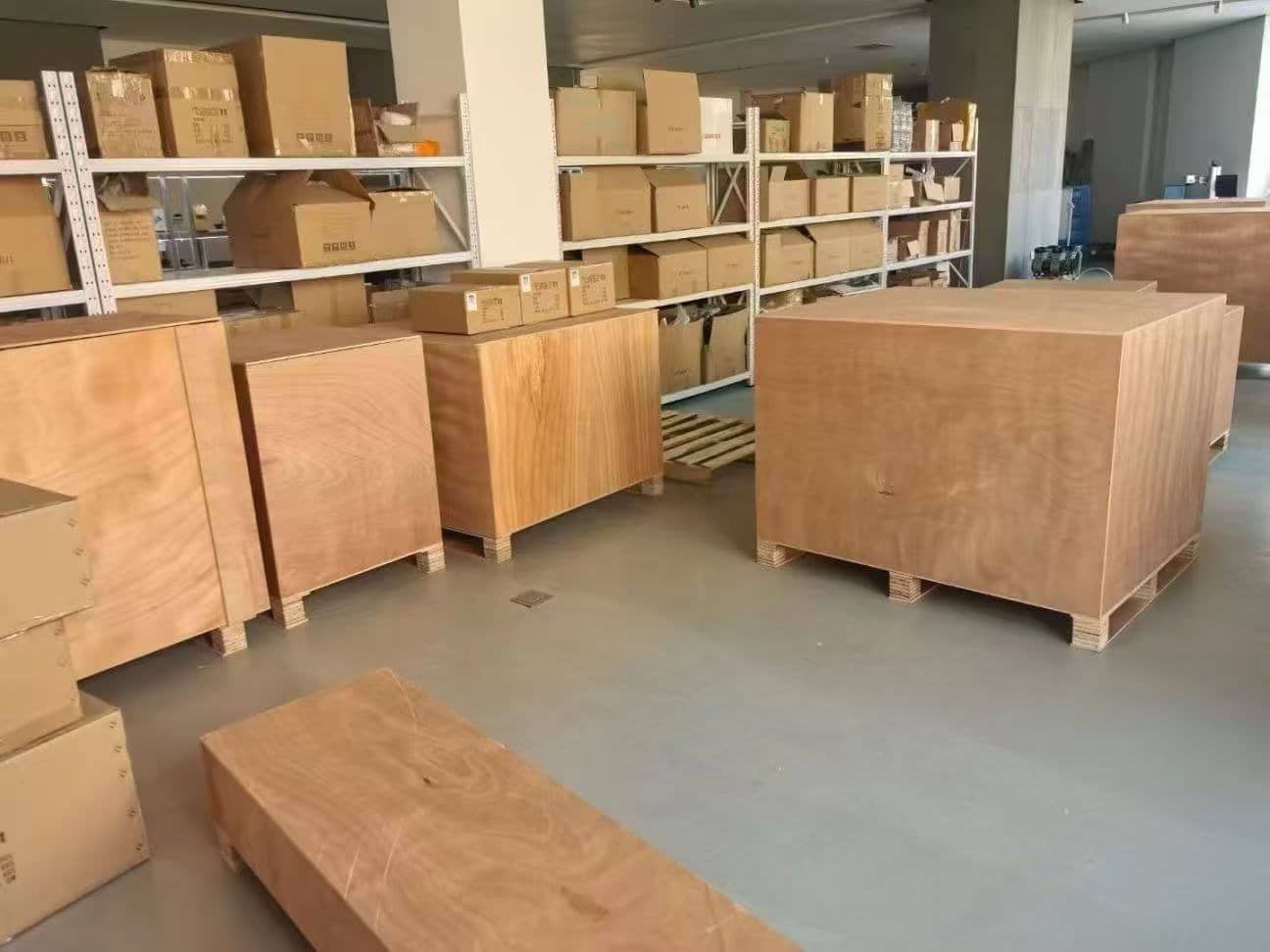 Light brown wooden crates stacked on pallets in a warehouse.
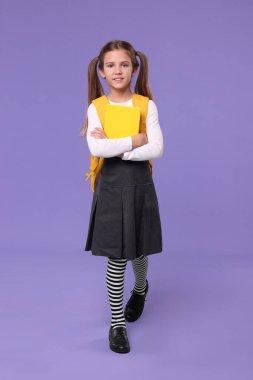 Sırt çantası ve menekşe arkaplan kitabıyla gülümseyen liseli kız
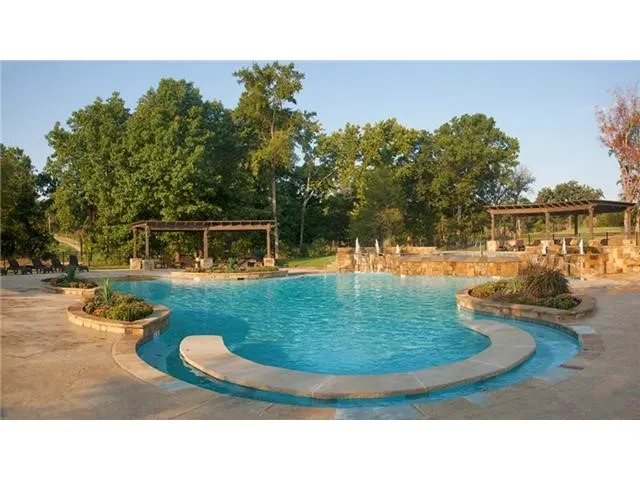 Community pool with a patio and a pergola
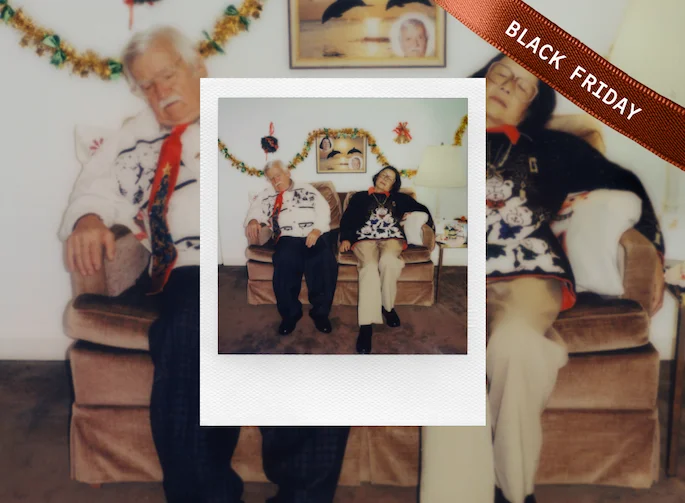 Polaroid photo of a sleeping couple on the couch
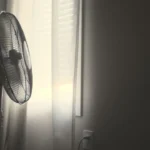 White wall fan running near white window blinds in hot bedroom.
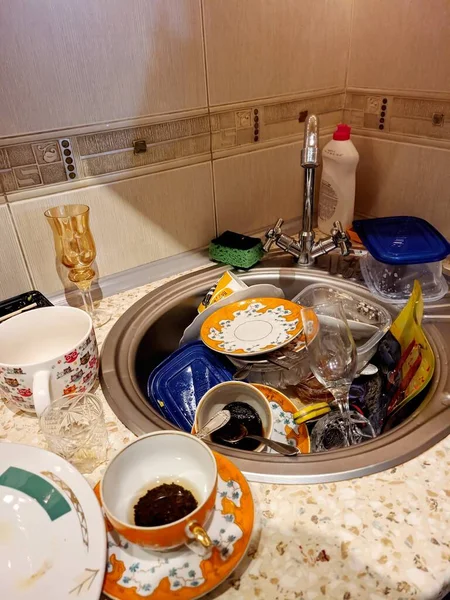 Dirty and unwashed dishes standing on the table in a kitchen at home. Cups of coffee, plates, spoons, forks are in the sink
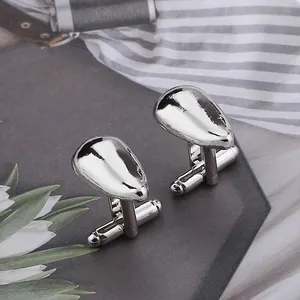 Polished silver teardrop cufflinks with bullet back closure on textured surface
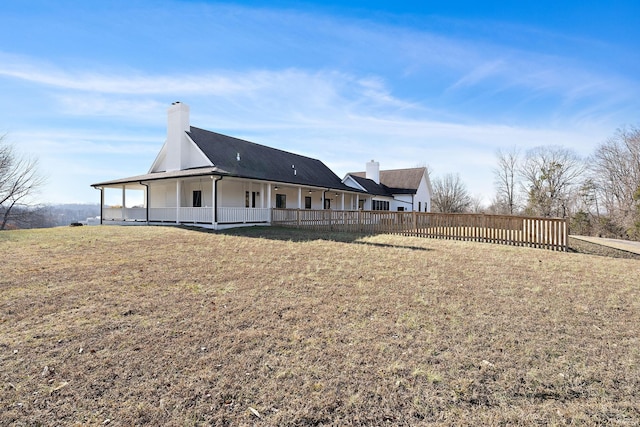 rear view of property with a lawn and a chimney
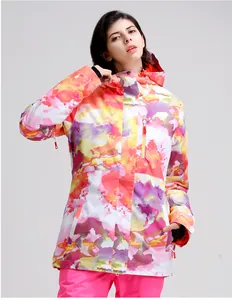 Detail of colorful marble pattern women's ski jacket with hood and chest zipper pocket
■ ■ ■ ■ ■
Work item. Only the pictures are left behind; write out everything else in the records exactly.

Output of the task.
 Light brown wooden crates stacked on pallets in a warehouse.
 Sırt çantası ve menekşe arkaplan kitabıyla gülümseyen liseli kız
 Community pool with a patio and a pergola
 Polaroid photo of a sleeping couple on the couch
 White wall fan running near white window blinds in hot bedroom.
 Dirty and unwashed dishes standing on the table in a kitchen at home. Cups of coffee, plates, spoons, forks are in the sink
 Polished silver teardrop cufflinks with bullet back closure on textured surface
 rear view of property with a lawn and a chimney
 Detail of colorful marble pattern women's ski jacket with hood and chest zipper pocket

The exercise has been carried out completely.